Ciudad Espiritual
Con la humildad que otorga la amistad sincera te digo que no me siento lo suficientemente preparado para escribir sobre lo que tú escribes y, ante todo, cómo lo escribes. Y hablo no sólo de tu prosa, sino también, y en especial, de tu poesía, que yo conozco muy bien y que siempre me ha sorprendido. Pero estos relatos, amigo mío, además de sorprenderme, me han deslumbrado, me han intrigado me han hecho temblar, y te digo que no es por mi Parkinson.

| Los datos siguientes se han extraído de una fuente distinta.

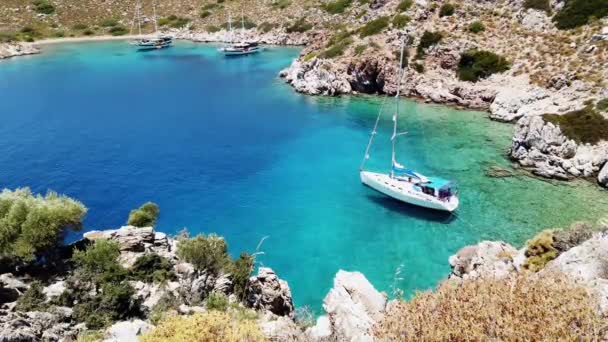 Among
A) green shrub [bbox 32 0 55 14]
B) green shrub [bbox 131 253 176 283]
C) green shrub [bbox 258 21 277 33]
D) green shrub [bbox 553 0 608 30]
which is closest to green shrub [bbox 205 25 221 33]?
green shrub [bbox 258 21 277 33]

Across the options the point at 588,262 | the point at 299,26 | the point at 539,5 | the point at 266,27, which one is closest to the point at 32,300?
the point at 588,262

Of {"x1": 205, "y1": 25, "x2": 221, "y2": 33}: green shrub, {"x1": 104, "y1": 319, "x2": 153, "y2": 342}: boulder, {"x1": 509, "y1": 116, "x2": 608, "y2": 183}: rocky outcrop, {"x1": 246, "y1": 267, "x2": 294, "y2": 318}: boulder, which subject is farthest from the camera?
{"x1": 205, "y1": 25, "x2": 221, "y2": 33}: green shrub

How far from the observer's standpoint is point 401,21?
80.9 metres

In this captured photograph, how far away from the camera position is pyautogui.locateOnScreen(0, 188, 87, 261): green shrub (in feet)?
91.3

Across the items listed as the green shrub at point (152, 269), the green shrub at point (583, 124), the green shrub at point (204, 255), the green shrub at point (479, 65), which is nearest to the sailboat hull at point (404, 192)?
the green shrub at point (583, 124)

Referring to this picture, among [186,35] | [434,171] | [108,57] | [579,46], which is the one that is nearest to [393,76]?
[579,46]

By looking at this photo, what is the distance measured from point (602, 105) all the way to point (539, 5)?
29.9m

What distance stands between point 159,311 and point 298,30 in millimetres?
112590

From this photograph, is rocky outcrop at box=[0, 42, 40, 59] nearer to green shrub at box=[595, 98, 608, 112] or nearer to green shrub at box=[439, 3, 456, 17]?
green shrub at box=[439, 3, 456, 17]

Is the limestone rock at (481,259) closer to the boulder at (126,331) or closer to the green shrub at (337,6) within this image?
the boulder at (126,331)

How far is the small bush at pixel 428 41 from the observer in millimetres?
75938

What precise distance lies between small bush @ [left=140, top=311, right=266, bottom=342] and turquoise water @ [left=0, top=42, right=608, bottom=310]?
15392mm

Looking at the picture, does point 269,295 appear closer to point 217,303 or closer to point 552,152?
point 217,303

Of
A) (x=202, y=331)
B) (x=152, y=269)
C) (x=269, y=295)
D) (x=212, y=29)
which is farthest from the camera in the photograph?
(x=212, y=29) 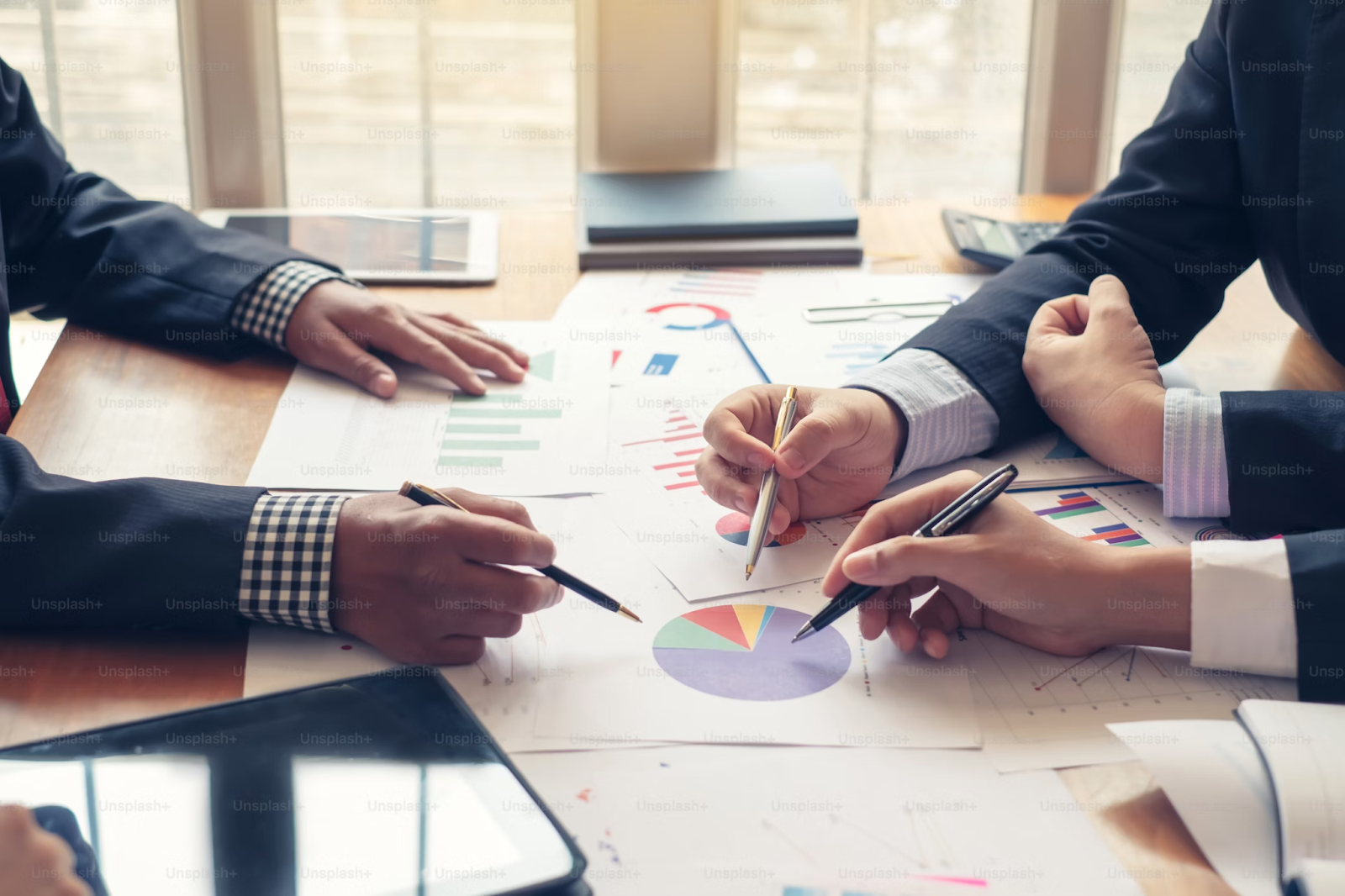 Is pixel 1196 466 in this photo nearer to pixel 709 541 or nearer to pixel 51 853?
pixel 709 541

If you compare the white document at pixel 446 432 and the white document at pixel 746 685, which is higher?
the white document at pixel 446 432

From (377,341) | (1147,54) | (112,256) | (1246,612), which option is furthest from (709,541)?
(1147,54)

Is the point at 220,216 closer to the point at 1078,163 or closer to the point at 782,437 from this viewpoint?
the point at 782,437

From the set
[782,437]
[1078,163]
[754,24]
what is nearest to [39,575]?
[782,437]

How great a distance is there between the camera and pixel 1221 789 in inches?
24.5

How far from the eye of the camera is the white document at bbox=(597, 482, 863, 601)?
843 millimetres

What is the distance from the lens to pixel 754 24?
1757 mm

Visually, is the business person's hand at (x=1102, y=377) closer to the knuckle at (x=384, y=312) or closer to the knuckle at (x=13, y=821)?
the knuckle at (x=384, y=312)

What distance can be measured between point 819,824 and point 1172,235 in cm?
80

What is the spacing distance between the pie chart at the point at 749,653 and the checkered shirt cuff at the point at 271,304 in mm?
611

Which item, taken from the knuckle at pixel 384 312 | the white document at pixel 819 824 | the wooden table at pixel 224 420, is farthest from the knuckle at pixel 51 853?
the knuckle at pixel 384 312

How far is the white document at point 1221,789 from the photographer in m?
0.58

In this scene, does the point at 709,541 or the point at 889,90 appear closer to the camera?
the point at 709,541

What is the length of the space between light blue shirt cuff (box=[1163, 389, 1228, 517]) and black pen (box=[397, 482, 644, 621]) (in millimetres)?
433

Tienen eso que nadie sabe lo que es y es lo único que importa. Eso que algunos llaman el “elemento añadido”, otros, “el viento de la locura”, y que yo, influido por la Biblia, he llamado “el soplo de vida”. Eso que te hace levitar al leer un buen poema, que te hace llorar frente a una buena pintura, que te hace temblar frente a una escultura. Eso que te abre puertas interiores, puertas hacia lo oscuro, como me ocurrió con tus relatos.
Cuántas veces no me he quedado extrañado frente a una reproducción de El Grito de Munch”, sin saber descifrar el espanto que me produce. Y vienes tú con “El gritito de Munch” y me lo descifras y me lo muestras como si tal cosa:
“Un grito que venía desde el fondo visceral y rotundo de la tierra y se estrellaba contra el cielo rojo de Kristiania. Un aullido que me deformaba el rostro y partía el horror en dos mitades simétricas, para ser oído, al unísono, desde el hospital siquiátrico y el matadero de las reses moribundas”.
Y para lograr esta maravilla, chino cabrón, solo has necesitado un texto de media cuartilla. Ya lo sabes, amigo mío, no es por falta de tiempo (que, en tiempo, soy millonario) ni por falta de interés que no podré escribir el “breve prólogo” que me pides. Es solo que tus escritos me sobrepasan.